Parte 3: Show do telhado
Prós:
- A finalização de várias canções;
- Ringo soltando um “pum”;
- A certeza de que pertubariam a paz e a presunção de que poderiam ser presos (o que não seria possível por serem MBE);
- A maneira como os funcionários da Apple tentaram enrolar e aborrecer os policiais que foram até o prédio por conta das reclamações pelo som alto;
- As entrevistas feitas com moradores de Londres durante o show do telhado,
- O show do telhado na (quase) íntegra.
Contras:
- A indefinição sobre tocar ou não para uma plateia;
- Ringo soltando um “pum”;
- A falta da cena de um velhinho inglês subindo as escadas de incêndio de um prédio para ver o show,
- As cenas de gravação das canções “The Long and Winding Road”, “Let it Be” e “Two of Us”, que são mostradas durante os créditos.
Balanco final
No fim das contas, Jackson mostra uma banda cheia de contradições, que se respeitava e, ao mesmo tempo, já não tinha muita paciência uns com os outros.

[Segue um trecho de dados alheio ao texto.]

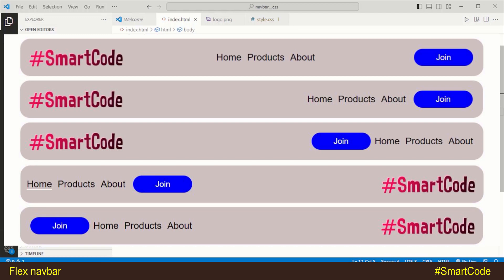Hey everybody, this is Salah. I have a very interesting tutorial on HTML and CSS — we are going to program five different looks of navbar using CSS flexbox. You can see all the variations on the screen right now. The amazing thing is that we will write our HTML once, and our HTML will always be the same while making these different looks. This is possible using CSS flexbox.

Get Back não reescreve a história dos Beatles em janeiro de 1969. Eles não se separaram por causa do projeto, — ainda gravariam o LP Abbey Road e discutiriam planos para mais um single e outro LP — mas já davam mostras nítidas de que o fim estava próximo.
Há muitos outros detalhes que poderiam entrar nessa lista. Deixa sua opinião nos comentário e, quem sabe, não incluímos a sua sugestão no texto.
Personagens “extras”
Além de Mal Evans, já citado anteriormente, dois outros “personagens extras” merecem um destaque: Yoko Ono e Michael Lindsay-Hogg.
Yoko Ono — A “ainda não” esposa de John Lennon foi uma personagem importante e falante durante aquele janeiro de 1969. Porém, na edição de Peter Jackson (provavelmente a pedidos) ela aparece praticamente muda, o que ajuda a tirar o peso da sua influência no mal-estar da banda.
Ponto para todos!
Michael Lindsay-Hogg — Responsável pelas filmagens e a edição do filme Let it Be e de tudo o que vemos no documentário Get Back — se tornou Sir, mas era uma mala sem alça daquelas bem grandes e teve quase todas as suas ideias rejeitadas.
Uma versão deste texto foi publicada na Revista Ambrosia.